With an agonizing summer drawing to a close, some club organizations were offering minimal workouts, with social distancing and no contact. It’s a far cry from the norm, but it is something. Activities are limited to 12 or fewer in a group, so traditional team concepts have had to change. For soccer, that means no contact, kids staying 6 feet apart, limited to passing, shooting and finishing exercises.

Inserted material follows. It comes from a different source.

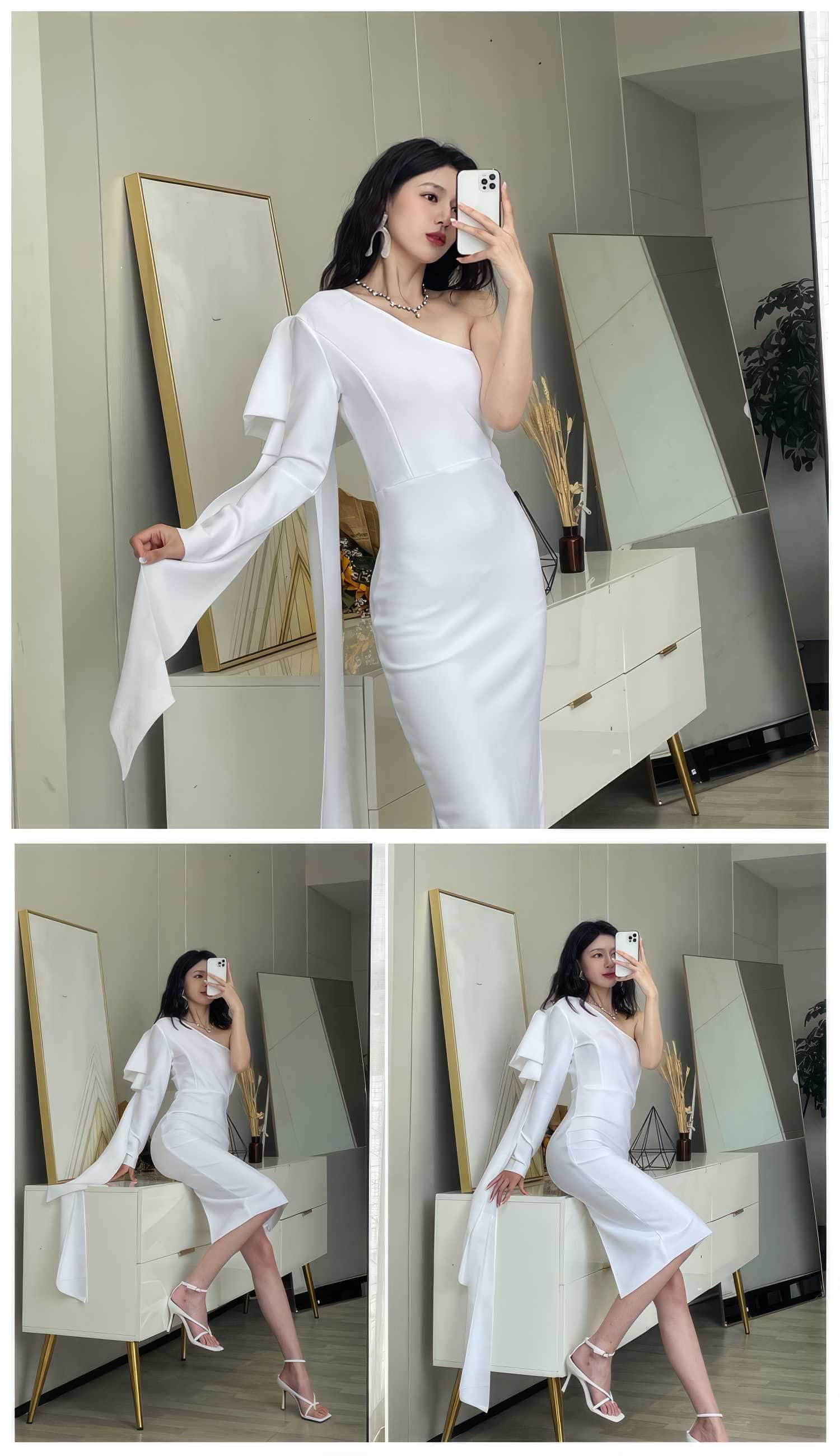 Bow-Knot Shoulder Long Sleeve Dress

Schroeder said Xceleration’s beach volleyball program, run by Saint Mary’s women and beach volleyball coach Rob Browning, has worked well. Like all clubs, Xceleration functions with strictly-run isolated workouts.
“It’s all highly accountable, highly contained, like the NBA bubble,” Schroeder said. “Leslie Ray, our club director, runs it correctly. It’s amazing what she’s done … everything condensed down.”
With high school campuses quiet, clubs fill in some of the activity breach.
“Mentally they need it; they need to get out of the house and see their friends,” Cooper said, who wants to make sure athletes stay in a good frame of mind. “I’m telling our coaches to look for signs of stress. But it’s even more so for parents, who have to figure how to work from home, how to arrange day care. For us, there’s a lot of responsibility.”
With games and tournaments shuttered for now, leagues and clubs still forge ahead in implementing big structural changes.
The Diablo Valley Wolves formed this spring as Diablo Futbol Club and Heritage Soccer Club merged. The club held Isolated tryouts in June. Sullivan was amazed to see 600 kids registered, despite the difficult timing.
Mustang’s elaborate work on sanitation, social distancing, testing and contact tracing plans are so detailed they were the subject of a national webinar and drew attention from the state of California, Wilson said.
Amid all this, athletes by and large are not getting bogged down in frustration, coaches and officials agree.
“What we preach, one of the things we talk about is unconditional gratitude, to be grateful, because what is the alternative?” Schroeder said. “To do that, even if your circumstance sucks. They embrace that pretty well.”
The reward of witnessing kids enjoying getting to do something is motivation for officials and coaches who have been working tirelessly and endlessly.
“The biggest thing was on June 11, when we did our test run with a small group. Just seeing all the comments from people,” Wilson said. “The psychological lift that it gave these kids was just incredible.”